Under the budget for 2014/15, the federal government projects total revenue to reach $385.5 billion, but it would not be enough and the Abbott-led government is forecasting a $29.8 billion deficit, expected to shrink to $17.1 billion and $10.6 billion in the next two years from the current $50 billion deficit.
To reduce the deficit, Hockey confirmed what has been speculated the past two weeks - the introduction of a deficit levy for Australians earning over $180,000 a year. The 2% levy expects to raise $3.1 billion. Prime Minister Tony Abbott has previously promised it would be a temporary measure.

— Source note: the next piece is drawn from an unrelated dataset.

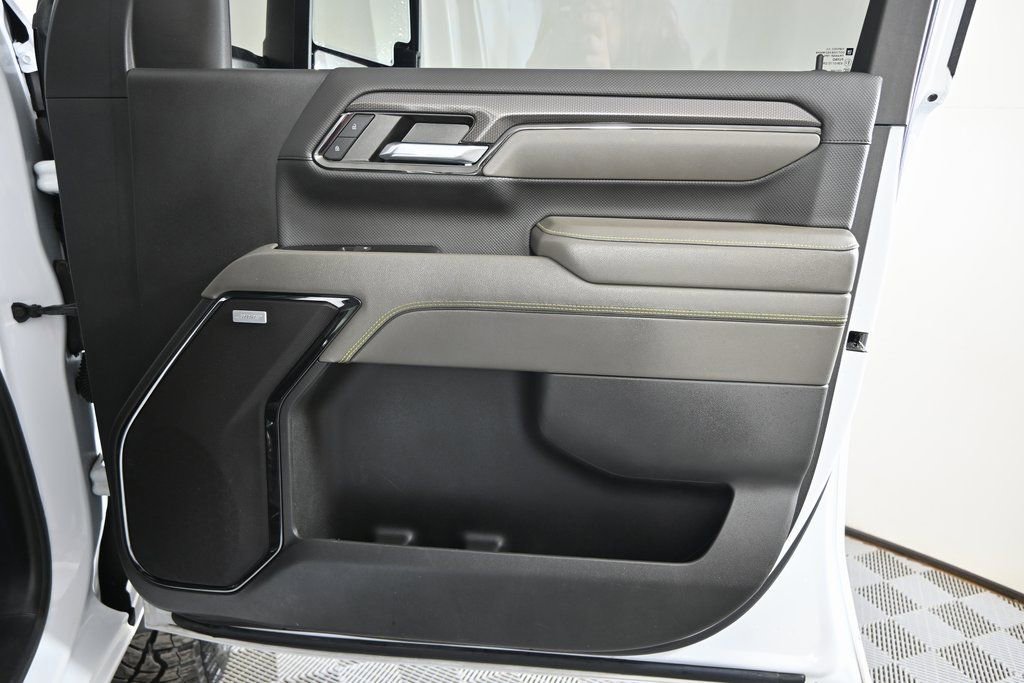 Used 2024 Chevrolet Silverado 2500 ZR2 w/ Technology Package image 13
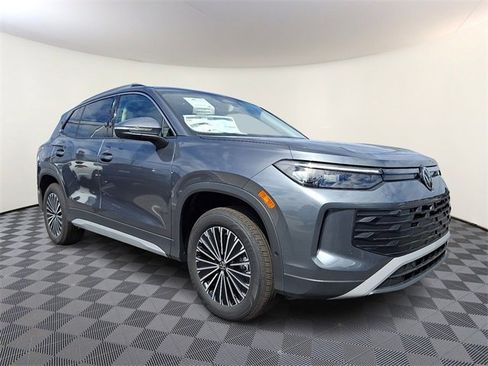 New 2025 Volkswagen Tiguan S image 1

It has other measure that Hockey acknowledges would be painful on the hip pockets of citizens, but which they must endure in the national interest. These include a fuel excise that will increase the price of fuel by up to 3 cents a liter, a $7 co-payment for visits to the doctor and job losses of 16,000 in the public sector.

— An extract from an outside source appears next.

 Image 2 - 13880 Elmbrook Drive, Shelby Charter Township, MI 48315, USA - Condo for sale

It also raised the pension eligibility age to 70 beginning 2035. To ensure that older workers remain in the work force until that time, there would be subsidies of up to $10,000 for two years for companies that hire people over 50 years old.
Most of these measures caused the popularity of the Coalition to dip drastically ahead of the budget release since voters viewed them as a break to the then Opposition's campaign promise not to raise taxes.
But Hockey pointed to the Labor-led previous government as the culprit for the anticipated wide budget deficit, saying, "The challenge is not of our making, but we ... accept responsibility to fix it."
Labor used the opportunity to get back at the Coalition by calling the budget a document of "broken promises, cruel cuts and unfair increases in the cost of living."
Treasury spokesman Chris Bowen pointed to the $80-billion cut to education and health as hitting Aussie families. He said, "Labor understands that in challenging times, budges need tough choices. But these are the wrong choices for our future."
He squarely blamed Mr Abbott for breaking his election promise which "Australians will now pay the price."
Likewise, Greens leader Christine Milne criticised the budget as divisive, brutal and backward-looking, stressing, "There is no vision for the future of the country. Suggesting that you are looking after the next generation, when you are ignoring climate change, when you're directing infrastructure funding into roads instead of public transport, instead of the NBN, instead of renewable energy sector."
On Wednesday morning, Mr Abbott defended the budget as "fundamentally honest." He promised the government would not cook the books or make a series of rosy assumptions.
But he is aware some Aussies would be disappointed and will feel betrayed by the Abbott government, which is exactly what one female pensioner felt and expressed her indignation over the change in pension age. She told the PM, "If we pull the belt any tighter we're going to choke to death."